Several human rights groups have also reported on Wagner’s alleged recruitment move, including Rus Sidyashaya, who said both prisoners and their families have informed Wagner and Gulagu.net, a human rights group. the right to monitor conditions for prisoners in the penal colonies of Russia.
Vladimir Osechkin, founder of the human rights group Gulagu.net, wrote on Facebook recently that an inmate at a high-security facility talked about how Prigozhin, Putin’s close friend, arrived by helicopter at the end of July and preached. About 150 prisoners took part in the war.
According to Mediazona, the man identified by inmates as Prigozhin tried to have sex with them by saying he had served a prison sentence.
So far, according to the independent newspaper Verstkaalso closely covered the alleged Wagner recruitment ring, the mercenary group that recruited more than 1,000 prisoners in 17 different penal colonies across Russia.
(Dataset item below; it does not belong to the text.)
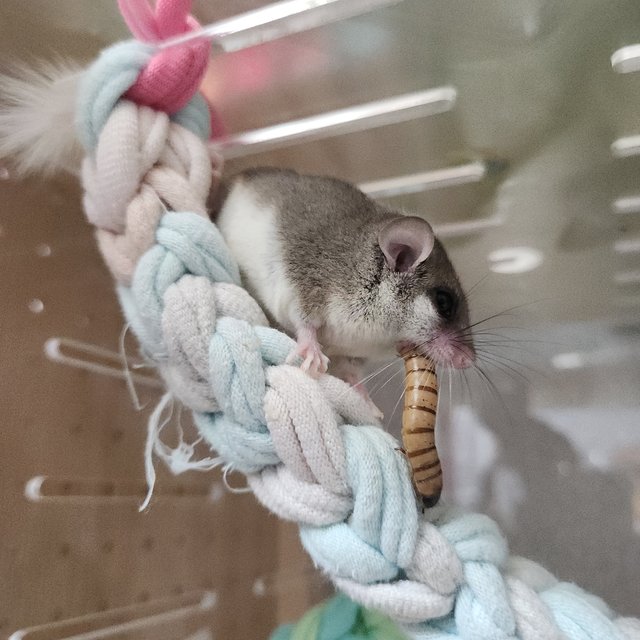 링테일 헤드스팟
Prigozhin has long been accused by Western officials and investigative journalists of funding Wagner, Prigozhin has denied any connection to the paramilitary force, a shadowy group that has left its mark longstanding allegations of war crimes in Ukraine, Syria and the Central African Republic.
In a statement to Verstka about Wagner’s alleged recruitment motivations for the war in Ukraine, the press service of Prigozhin’s company Concord Management sent back a comment from the businessman in which he avoided answering directly. continue if he is recruiting prisoners but admits that he “was in” [penal] colonial in the 80s”.